Here is a complete example:
[xml] $xml = @'
<PatchScan>
<Machine>
<Product>
<Name>Windows 10 Pro (x64)</Name>
<Item Class="Patch">
<BulletinId>MSAF-054</BulletinId>
<PatchName>windows10.0-kb3189031-x64.msu</PatchName>
<Status>Installed</Status>
</Item>
<Item Class="Patch">
<BulletinId>MSAF-055</BulletinId>
<PatchName>windows10.0-kb3189032-x64.msu</PatchName>
<Status>Not Installed</Status>
</Item>
</Product>
<Product>
<Name>Windows 7 Pro (x86)</Name>
<Item Class="Patch">
<BulletinId>MSAF-154</BulletinId>
<PatchName>windows7-kb3189031-x86.msu</PatchName>
<Status>Partly Installed</Status>
</Item>
<Item Class="Patch">
<BulletinId>MSAF-155</BulletinId>
<PatchName>windows7-kb3189032-x86.msu</PatchName>
<Status>Uninstalled</Status>
</Item>
</Product>
</Machine>
</PatchScan>
'@
# Enumerate the array-valued .Product property explicitly, so that
# the .Item property can successfully be accessed on each XmlElement instance.
$xml.PatchScan.Machine.Product |
ForEach-Object { $_.Item | Select-Object BulletinID, PatchName, Status }
The above yields:
Class BulletinId PatchName Status
----- ---------- --------- ------
Patch MSAF-054 windows10.0-kb3189031-x64.msu Installed
Patch MSAF-055 windows10.0-kb3189032-x64.msu Not Installed
Patch MSAF-154 windows7-kb3189031-x86.msu Partly Installed
Patch MSAF-155 windows7-kb3189032-x86.msu Uninstalled
Further down the rabbit hole: What properties are shadowed when:
Note: By shadowing I mean that in the case of a name collision, the "winning" property - the one whose value is reported - effectively hides the other one, thereby "putting it in the shadow".
In the case of using dot notation with arrays, a feature called member-access enumeration comes into play, which applies to any collection in PowerShell v3+; in other words: the behavior is not specific to the [xml]
type.
In short: accessing a property on a collection implicitly accesses the property on each member of the collection (item in the collection) and returns the resulting values as an array ([System.Object[]]
); .e.g:
# Using member-access enumeration, collect the value of the .prop property from
# the array's individual *members*.
> ([pscustomobject] @{ prop = 10 }, [pscustomobject] @{ prop = 20 }).prop
10
20
However, if the collection type itself has a property by that name, the collection's own property takes precedence; e.g.:
# !! Since arrays themselves have a property named .Count,
# !! member-access enumeration does NOT occur here.

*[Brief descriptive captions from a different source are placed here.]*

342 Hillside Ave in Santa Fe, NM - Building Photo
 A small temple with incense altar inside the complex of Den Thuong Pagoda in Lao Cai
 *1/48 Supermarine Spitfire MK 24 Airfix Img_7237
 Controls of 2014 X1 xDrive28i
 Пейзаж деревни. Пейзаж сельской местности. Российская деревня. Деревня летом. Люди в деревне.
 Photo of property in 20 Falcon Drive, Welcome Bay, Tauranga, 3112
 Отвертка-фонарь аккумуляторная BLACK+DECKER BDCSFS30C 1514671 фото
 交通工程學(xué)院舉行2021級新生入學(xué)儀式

> ([pscustomobject] @{ count = 10 }, [pscustomobject] @{ count = 20 }).Count
2 # !! The *array's* count property was accessed, returning the count of elements
In the case of using dot notation with [xml]
(PowerShell-decorated System.Xml.XmlDocument
and System.Xml.XmlElement
instances), the PowerShell-added, incidental properties shadow the type-intrinsic ones:[2]
While this behavior is easy to grasp, the fact that the outcome depends on the specific input can also be treacherous:
For instance, in the following example the incidental name
child element shadows the intrinsic property of the same name on the element itself:
> ([xml] '<xml><child>foo</child></xml>').xml.Name
xml # OK: The element's *own* name
> ([xml] '<xml><name>foo</name></xml>').xml.Name
foo # !! .name was interpreted as the incidental *child* element
If you do need to gain access to the intrinsic type's properties, use .get_<property-name>()
:
> ([xml] '<xml><name>foo</name></xml>').xml.get_Name()
xml # OK - intrinsic property value to use of .get_*()
[1] If a given element has both an attribute and and element by the same name, PowerShell reports both, as the elements of an array [object[]]
.
[2] Seemingly, when PowerShell adapts the underlying System.Xml.XmlElement
type behind the scenes, it doesn't expose its properties as such, but via get_*
accessor methods, which still allows access as if they were properties, but with the PowerShell-added incidental-but-bona-fide properties taking precedence. Do let us know if you know more about this.